Guns and Video Games?

Since the shooting at Sandy Hook Elementary school in Newtown, Connecticut there’s been a call for gun control and to study what the possible causes of this kind of violence are. One of the possibilities being raised is the role video games may have. But how can we argue against something controlled by a someone? Put it this way, video games are…just that…games. To say a game could influence a person to go out and kill is rather odd because who or what should really be put into question…the person playing the game or the game itself? And if either is the case then who’s responsibility is it to discipline?
How can we argue against something controlled by a someone? We can’t, because there’s no sensible argument that can be / to be made. Who or what should really be put into question…the person playing the game or the game itself? The who because those who decide to play should know the difference between what’s reality and what’s not. Who’s responsibility is it to discipline? Easy. Moms and Dads, parents. Not government.

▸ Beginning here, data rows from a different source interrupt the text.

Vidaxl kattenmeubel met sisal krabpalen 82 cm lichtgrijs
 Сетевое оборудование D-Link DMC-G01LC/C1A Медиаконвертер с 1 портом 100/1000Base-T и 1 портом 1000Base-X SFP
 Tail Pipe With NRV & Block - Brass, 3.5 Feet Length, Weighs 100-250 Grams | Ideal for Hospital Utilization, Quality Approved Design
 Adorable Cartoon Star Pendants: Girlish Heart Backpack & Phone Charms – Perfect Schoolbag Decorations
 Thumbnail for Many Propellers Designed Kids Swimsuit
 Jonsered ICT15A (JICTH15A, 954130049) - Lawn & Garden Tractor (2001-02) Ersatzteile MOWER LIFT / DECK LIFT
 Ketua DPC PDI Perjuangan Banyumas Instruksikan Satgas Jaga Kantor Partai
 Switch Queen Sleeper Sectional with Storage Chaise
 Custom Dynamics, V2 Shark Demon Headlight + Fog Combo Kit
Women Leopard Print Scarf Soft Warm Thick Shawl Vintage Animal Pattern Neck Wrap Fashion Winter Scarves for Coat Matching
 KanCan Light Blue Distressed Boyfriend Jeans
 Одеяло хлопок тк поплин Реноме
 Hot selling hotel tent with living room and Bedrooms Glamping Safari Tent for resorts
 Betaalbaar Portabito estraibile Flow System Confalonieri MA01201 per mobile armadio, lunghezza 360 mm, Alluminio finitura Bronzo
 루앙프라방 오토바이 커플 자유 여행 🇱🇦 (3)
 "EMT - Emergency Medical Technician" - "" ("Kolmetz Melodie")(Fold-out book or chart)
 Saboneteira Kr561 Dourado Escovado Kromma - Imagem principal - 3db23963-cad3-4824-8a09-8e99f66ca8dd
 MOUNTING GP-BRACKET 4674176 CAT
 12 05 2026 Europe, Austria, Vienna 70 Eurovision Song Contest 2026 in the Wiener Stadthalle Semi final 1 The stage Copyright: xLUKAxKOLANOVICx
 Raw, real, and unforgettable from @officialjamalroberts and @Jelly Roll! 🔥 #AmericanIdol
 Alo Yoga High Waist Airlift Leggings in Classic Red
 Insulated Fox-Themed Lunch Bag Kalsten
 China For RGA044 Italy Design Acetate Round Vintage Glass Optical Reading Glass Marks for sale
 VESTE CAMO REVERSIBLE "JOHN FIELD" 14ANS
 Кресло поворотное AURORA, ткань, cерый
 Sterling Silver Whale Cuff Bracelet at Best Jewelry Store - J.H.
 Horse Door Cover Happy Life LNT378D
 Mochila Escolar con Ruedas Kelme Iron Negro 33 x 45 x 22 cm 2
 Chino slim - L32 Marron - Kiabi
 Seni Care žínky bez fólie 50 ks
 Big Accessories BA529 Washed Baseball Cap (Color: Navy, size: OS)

Guess what, we have failed to use common sense to answer these simple questions and have begun the process of turning our government into a nanny state. But we won’t know this because “lamestream media” has and will protect “their guy” in President Barack Obama from any form of criticism. He himself knows this, so he uses media as an advantage over the Conservatives and Republicans and Vice President Joe Biden as fish-bait by appointing him to lead a “gun violence task force,” wordy term meaning gun control. This way he doesn’t look like a liberal ideologue, which he is.
Obama and his drones are playing a game themselves. Politics. And by doing so they’re walking a fine line by playing with real people and real people’s lives. (I wonder at times, do they even realize this isn’t a game.) There’s a big difference between reality and entertainment. Government is meant to “macromanage” itself, while the states and the people micromanage itself and themselves, although New York Governor, Andrew Cuomo, feels differently, and his feelings probably cost him the presidency he craves so much for:
All of this back and forth is unwarranted because “we the people of the United States of America” are protected by an often forgotten document. The U.S. Constitution.

Great article, Reyes. I can only foresee gun control becoming an avatar of federalism, e.g., retaining all legality in OK while the very word “gun” is banned in NY.